Feature extraction and ECMAScript

When you train an SSM, the training tool automatically discovers correlations between features in an utterance and its interpretation. The primary function of the <feature> attribute is to provide the means for these correlations.

Optionally, you can also add domain knowledge to the training process by defining interpretation features in <ruleref> elements. Thus, the <feature> element has a dual role: it improves the trained SSM by generalizing classes of information (such as dates, times, currency amounts, and so on), and improves recognition results by letting scripts extract semantic information at runtime.

At runtime, in addition to the SSM classification of meanings, your ECMAScript can modify or augment those meanings. Your scripts can add new slots and values to the final results simply by assigning values to variables.

At runtime, the ECMAScript runs as follows:

  • During feature computation of an SSM, any rule that matches the recognized text can run an associated ECMAScript.
  • After all results for all parallel SSMs are defined, you can run ECMAScript on the full result object from those SSMs. Declare this script with the Recognizer configuration parameter swirec_grammar_script.

Types of interpretation features

Your rules can train several types of interpretation features:

  • Remove features specify words that to not use as features—the SSM treats any matching words as if they did not exist. They define phrases that contain no useful information for interpretation. For example, you can specify pause fillers (um, uh, and so on), or words that appear frequently but do not contain information (the, but, please, maybe, and so on).
  • Fragment features combine words and the matching rule name (the words and the rule name are used as features), so individual words in a phrase may also be counted by the SSM. The final probabilities are thus affected by both the individual words, and the phrase as a whole.

    You can use fragment features to define a phrases or concept that has a particular importance beyond that of the individual words in it. For example, suppose that your application has a product called the “hundred minute plan”. You could use fragment features so that the words “hundred”, “minute”, and “plan” affect the SSM, but there is an added effect when the complete phrase “hundred minute plan” appear in an utterance.

  • Stem features replace words with the matching rule name—the phrase is used as a feature, but the individual words within it have no additional effect. The final probabilities are thus affected by only the phrase if the rule is triggered; if the rule is not triggered—that is, if only part of the phrase was spoken, or words that happen to occur within the phrase were spoken in a different context—then only the probabilities for each individual word apply.

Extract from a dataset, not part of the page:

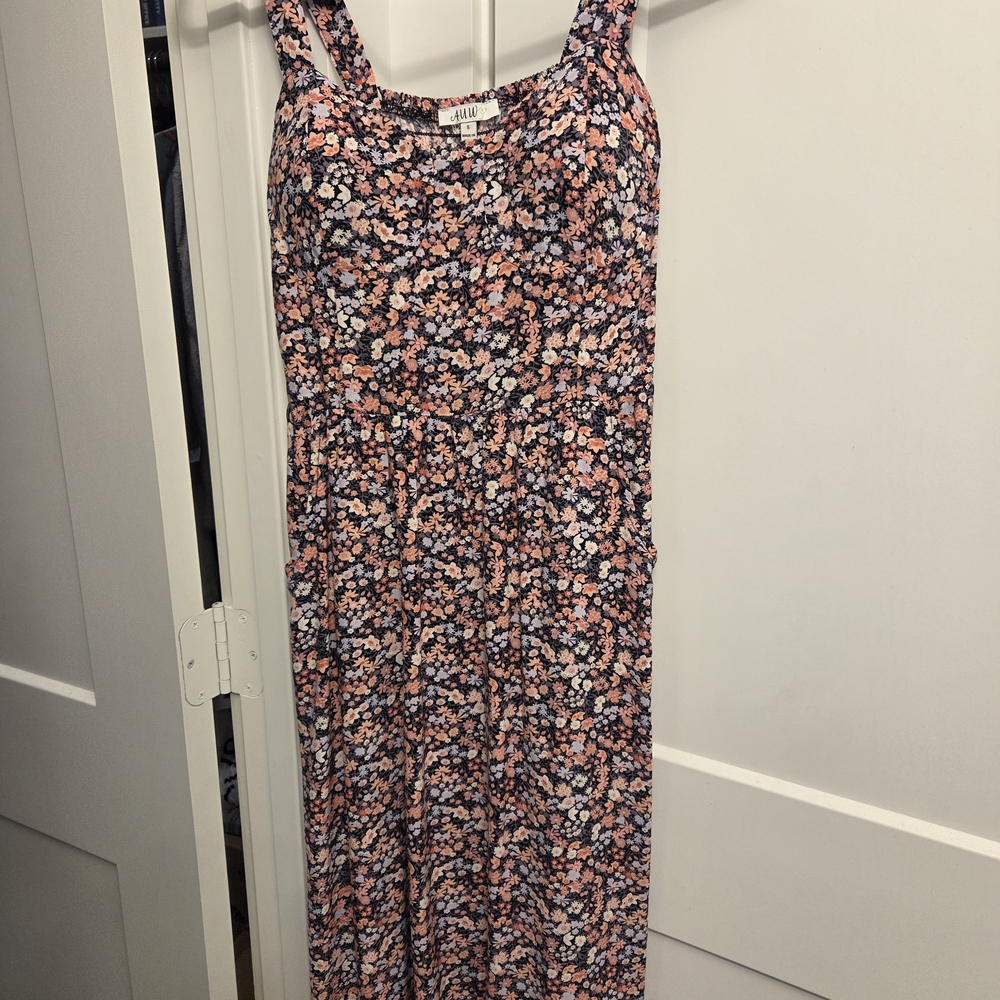 Floral Sleeveless Midi Dress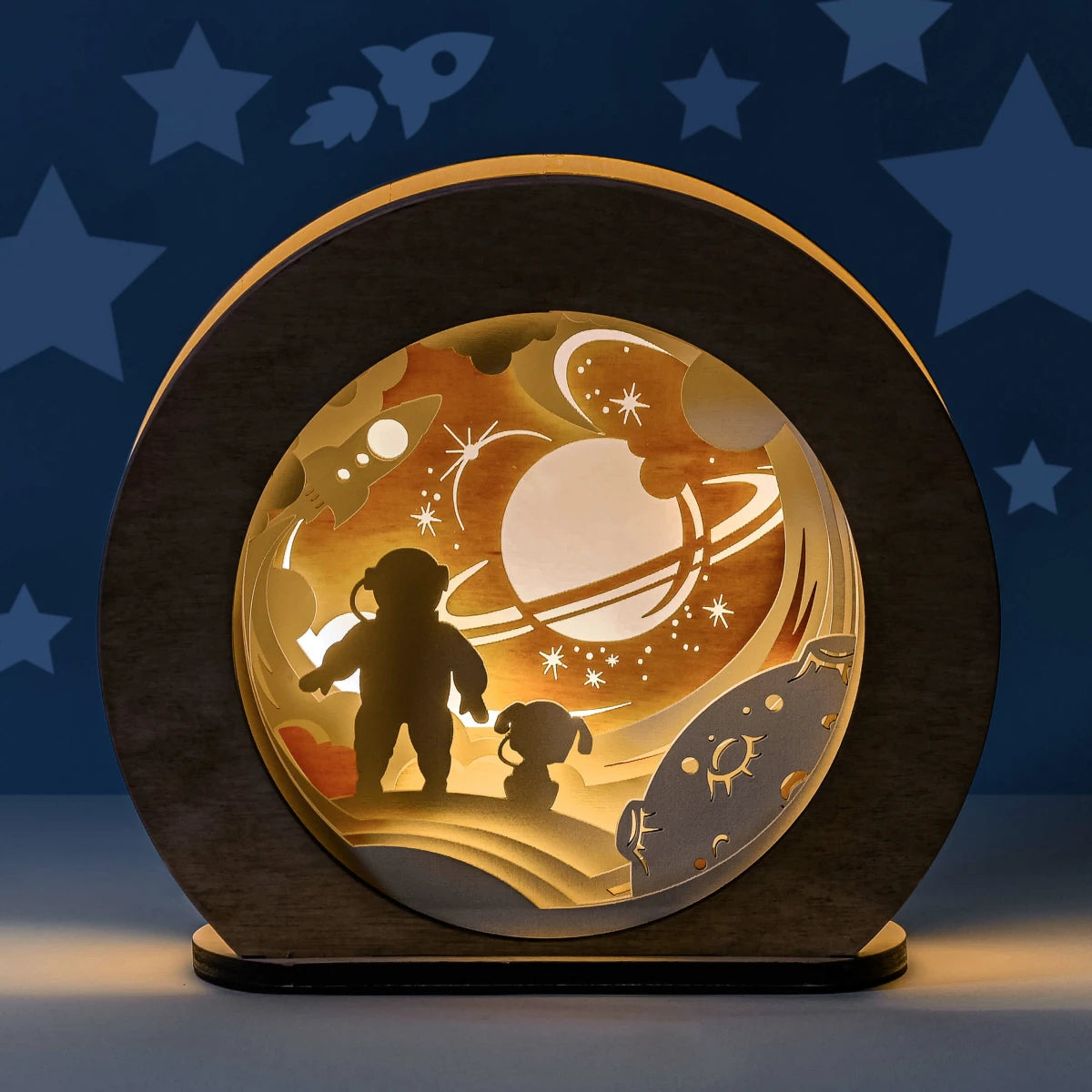 3D night light for children l MagicLights night lights & indirect lighting MagicHolz 3D wooden night light "Astronaut"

    You can use stem features to account for situations where the combination of two or more words changes the natural meaning of those words. For example, the phrases “statistical language model” and “statistical semantic model” both use the individual words “statistical” and “model”; but each phrase as a whole means something very different.

Note: Add interpretation features carefully, and validate their effect on the performance before using the SSM in a deployed application.

Here is how you specify feature types:

<features>
    <ruleref uri="my.xml#garbage" feature_generation="remove"/>
    <ruleref uri="my.xml#rulea" feature_generation="stem"/>
    <ruleref uri="my.xml#ruleb" feature_generation="fragment"/>
</features>

Specifying rules and scripts in features

Any <ruleref> appearing in a <features> section must have a unique name. In other words, no two <features> sections can have <ruleref> elements of the same name (text after the pound symbol, #), even if they are in different SSMs.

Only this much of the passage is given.